The MacDonald Dettwiler bid demonstrated Ottawa’s continuing concern over transactions involving foreign companies with potential national security implications. Those issues should be canvassed early on, and a determination must be made as to whether the bid has a good chance of proceeding, says New. If that research turns up significant concerns, the bid should be put aside.

Just as the international investment community is wondering what’s changed with Canada’s foreign-investment regime after the BHP rejection, Canadian companies are wondering what it could mean for their own plans to grow abroad. Many fear other countries will take a firmer stance against Canadian investors seeking foreign acquisitions in retaliation for the Canadian government’s recent interventionism. But a closer look reveals this country’s stance toward foreign takeovers is, perhaps, far less threatening than that taken by other countries.

The American approach to foreign investment took a hit in 2006 when the state-owned Dubai Ports World attempted to acquire a company holding management contracts to six major U.S. ports. DPW eventually sold the properties to a subsidiary of American International Group Inc. after U.S. politicians moved to block the deal through legislation. “That’s the type of case that seems to go well beyond national security concerns,” says FMC’s Walker. “It was managing ports, it wasn’t relating to the production of some piece of weaponry for the U.S. army.”

While the U.S. political process can serve as a hurdle, the Committee on Foreign Investment in the United States, a multi-agency panel chaired by the treasury secretary, purports to deal only with foreign acquisitions that threaten national security. However, this national security provision can be applied quite broadly. Everything from energy to critical infrastructure and technology could be swept into its net.

The U.S. is just one of several key free-market economies that have faced criticism for blocking foreign acquisitions. Australia’s Foreign Investment Review Board, for example, was slammed in 2001 for blocking Royal Dutch Shell Group’s takeover of the petroleum company Woodside Petroleum Ltd. based on national interest concerns. Japan too has come under attack for creating informal barriers to international players seeking access to its domestic economy, largely due to the overwhelming influence of the country’s keiretsu system of corporate affiliations. The European Union has been accused of informally blocking foreign investment, especially in the telecommunications sector, through a complex series of regulations. France has faced accusations of economic nationalism for moves such as listing multinational food production company Groupe Danone S.A. as a “strategic industry” in an effort to block a 2005 takeover by PepsiCo Inc. “In one way or another, there are foreign investment restrictions in a lot of countries,” Walker says. Unfortunately for Canada, however, the BHP rejection is the latest blocked deal to gain international prominence, putting this country’s approach in the spotlight for the time being.

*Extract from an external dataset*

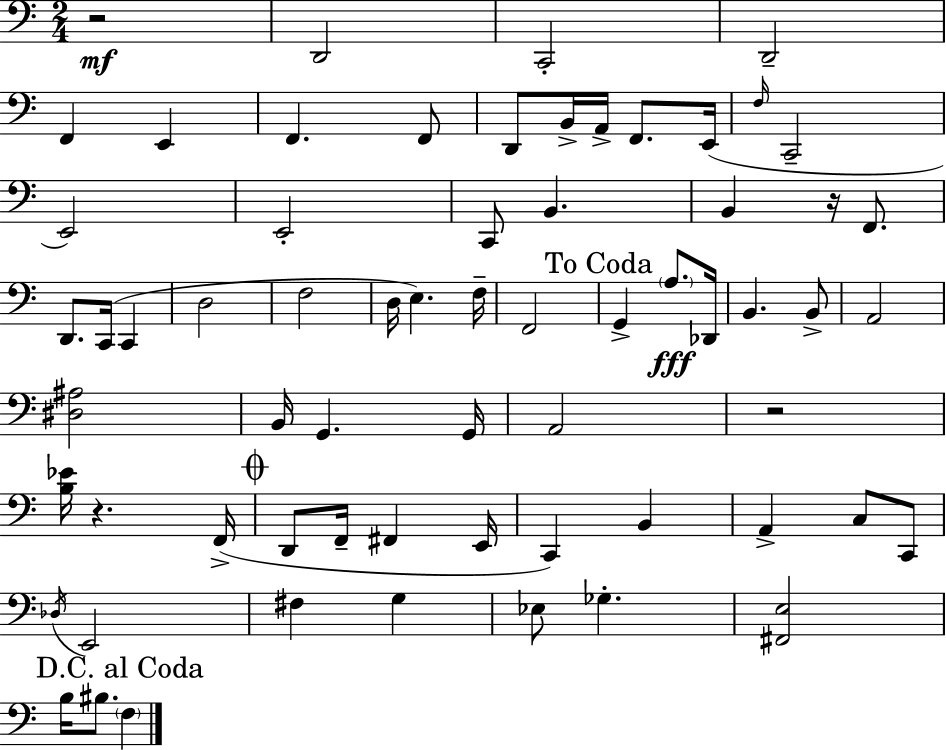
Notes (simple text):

R/h D2/h C2/h D2/h F2/q E2/q F2/q. F2/e D2/e B2/s A2/s F2/e. E2/s F3/s C2/h E2/h E2/h C2/e B2/q. B2/q R/s F2/e. D2/e. C2/s C2/q D3/h F3/h D3/s E3/q. F3/s F2/h G2/q A3/e. Db2/s B2/q. B2/e A2/h [D#3,A#3]/h B2/s G2/q. G2/s A2/h R/h [B3,Eb4]/s R/q. F2/s D2/e F2/s F#2/q E2/s C2/q B2/q A2/q C3/e C2/e Db3/s E2/h F#3/q G3/q Eb3/e Gb3/q. [F#2,E3]/h B3/s BIS3/e. F3/q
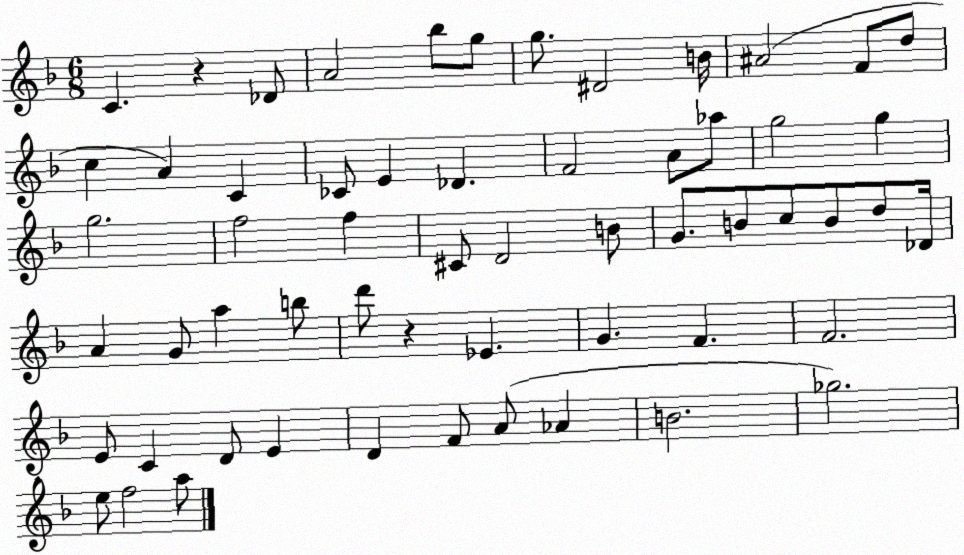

Most commentators have certainly been surprised to see the investment act, once considered an afterthought by the legal community, get its own 15 minutes of fame. Foreign investors have rarely given much thought to its provisions. “Four or five years ago, if you said foreign investment act to anyone, they would yawn,” remarks New. They’re not dozing off anymore. Not after it caused BHP to throw away about $100 million in legal and advisory fees in its blocked bid for PotashCorp.